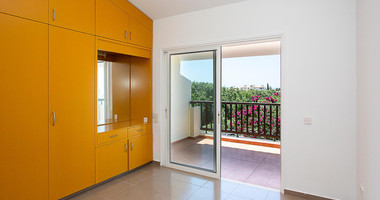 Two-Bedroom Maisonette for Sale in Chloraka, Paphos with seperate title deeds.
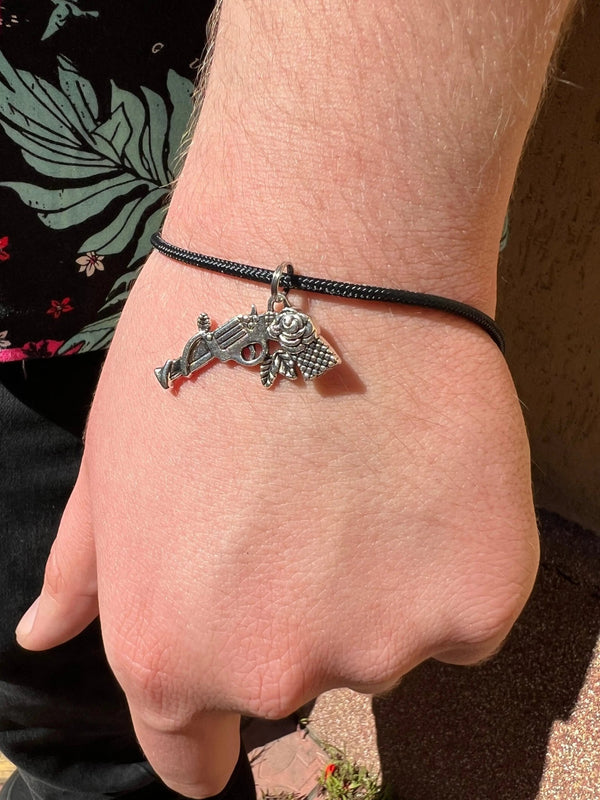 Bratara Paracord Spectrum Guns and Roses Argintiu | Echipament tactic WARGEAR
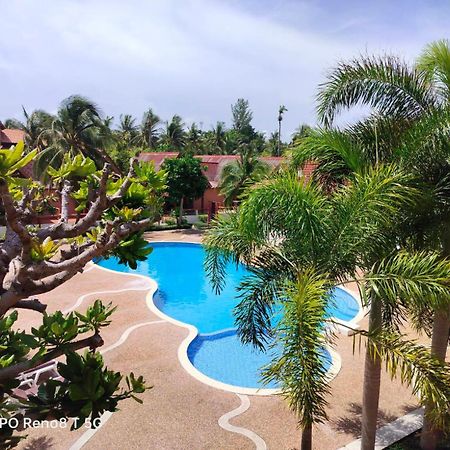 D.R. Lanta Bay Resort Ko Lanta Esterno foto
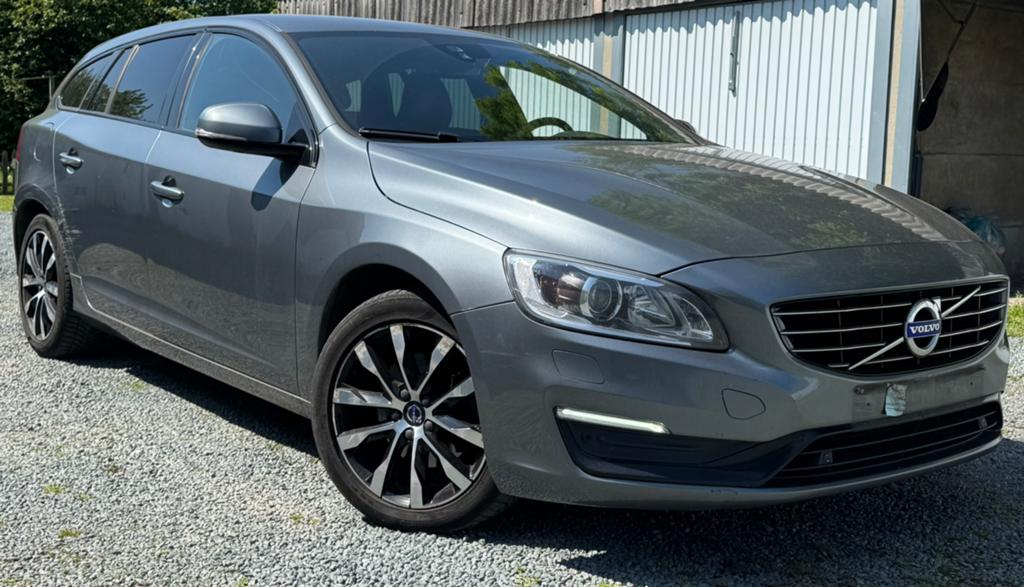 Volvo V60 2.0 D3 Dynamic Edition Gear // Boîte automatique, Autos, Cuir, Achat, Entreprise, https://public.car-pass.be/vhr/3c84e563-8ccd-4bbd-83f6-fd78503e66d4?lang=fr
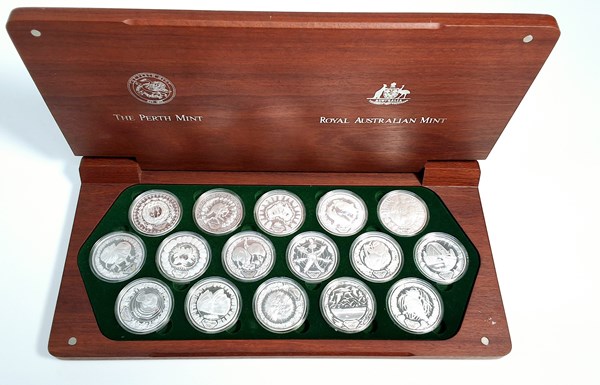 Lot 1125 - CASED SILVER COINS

::::::::::

> [Required work]:
An exact printout of the entries is wanted, covering the first line through the line holding "D.R. Lanta Bay Resort Ko Lanta Esterno foto", with pictures kept out of it.

> [Finished exercise]:
 Two-Bedroom Maisonette for Sale in Chloraka, Paphos with seperate title deeds.
 Bratara Paracord Spectrum Guns and Roses Argintiu | Echipament tactic WARGEAR
 D.R. Lanta Bay Resort Ko Lanta Esterno foto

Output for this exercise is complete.